I collect such projects. There are about a dozen currently on a list that I have invested some amount of time in. At the current rate, I will finish about 12 by the time I die...but the list will have quadrupled.
My wife and I recently purchased a home in the Mount Vernon neighborhood of Baltimore, moving up from Washington, DC. One of Baltimore's many nicknames is "the City of Neighborhoods", and it is probably the most apt. The city is full of clusters, and arbitrary but obvious lines that separate this place from that place, and these people from those people.
The only exercise regime that I have been able to get myself to stick to over the years is running outside, no matter the weather. This is because the only way I can trick myself into keeping moving is to give myself an artificial destination somewhere X miles away or to give myself a direction to run in towards places I haven't yet been. It's a way for me to romanticize the process of making sure my stress levels stay manageable and my body doesn't slowly atrophy in front of this computer.

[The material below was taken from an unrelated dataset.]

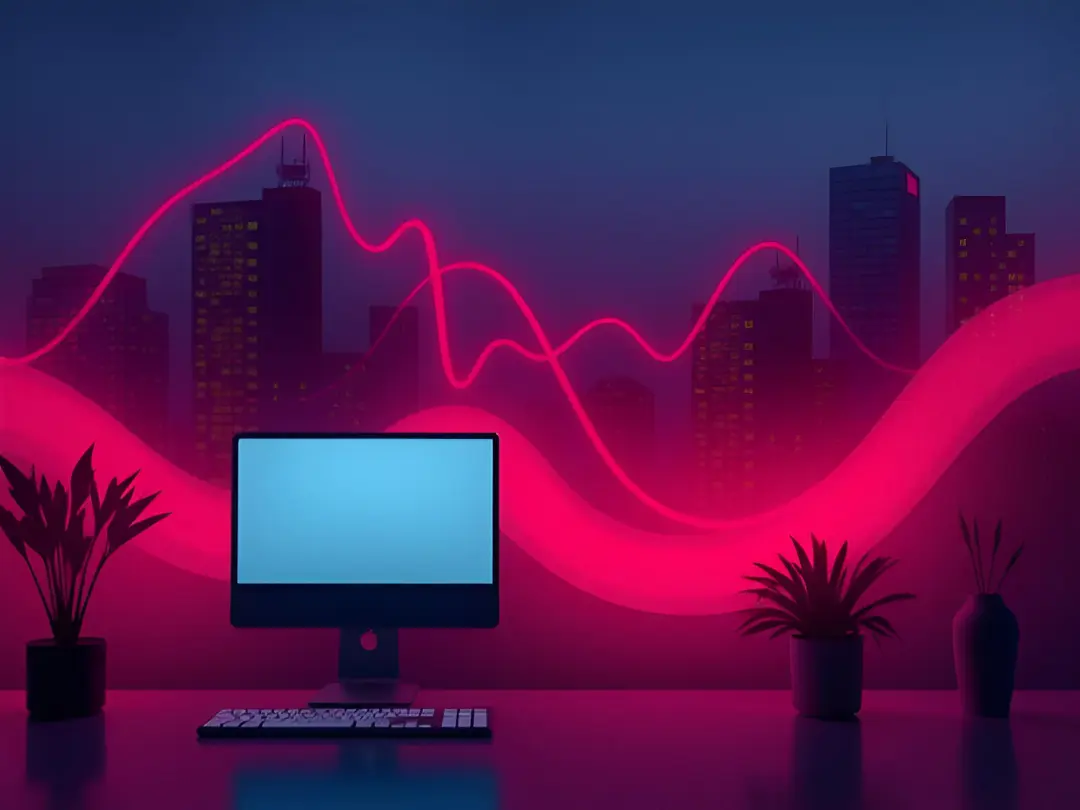digital marketer services in thrissur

This habit has allowed me to cross a lot of those lines in a relatively short time here and I've tried within reason to cross some that maybe white dudes in jogging pants aren't expected to cross. No matter where you are in this city, one of those particular lines isn't far and once you cross one, you know it.
All that to say that I'm currently finishing up an intro to analytics in GIS class, and for my final project I chose one of those interests I'd collected but done very little about: using the fantastic wealth of data here to learn more about this city that I'm now calling home.
I'm building a lot of maps using good old ggplot2 for this project, and they're so pretty. There's already lots of ggplot2 mapping blog posts but in the interest of sharing that pretty, here's another.
Obviously:
## Crime Incident Plots
library(ggplot2)
library(foreign)
library(stringr)
library(lubridate)
library(plyr)
library(xtable)
library(scales)
library(RColorBrewer)
library(ggmap)
## gis libraries
library(maptools)
library(sp)
library(rgdal)
library(spatstat)
Then pulling in the data - shape files - using some of the great (but mostly HORRIBLY documented) GIS packages available in R, first the city boundary:
city_shp <- readOGR(dsn='Baltcity_20Line', layer='baltcity_line')
and I store the original map projection. I've always had a bit of a map fetish, and learning details about the different projections have been way more fun than they should be. First thing to note is, these shapefiles are not in the latitude/longitude coordinate system. If I want to convert them to lat/long, there's a function for that:
#city_shp <- spTransform(city_shp,CRS("+proj=longlat +datum=WGS84"))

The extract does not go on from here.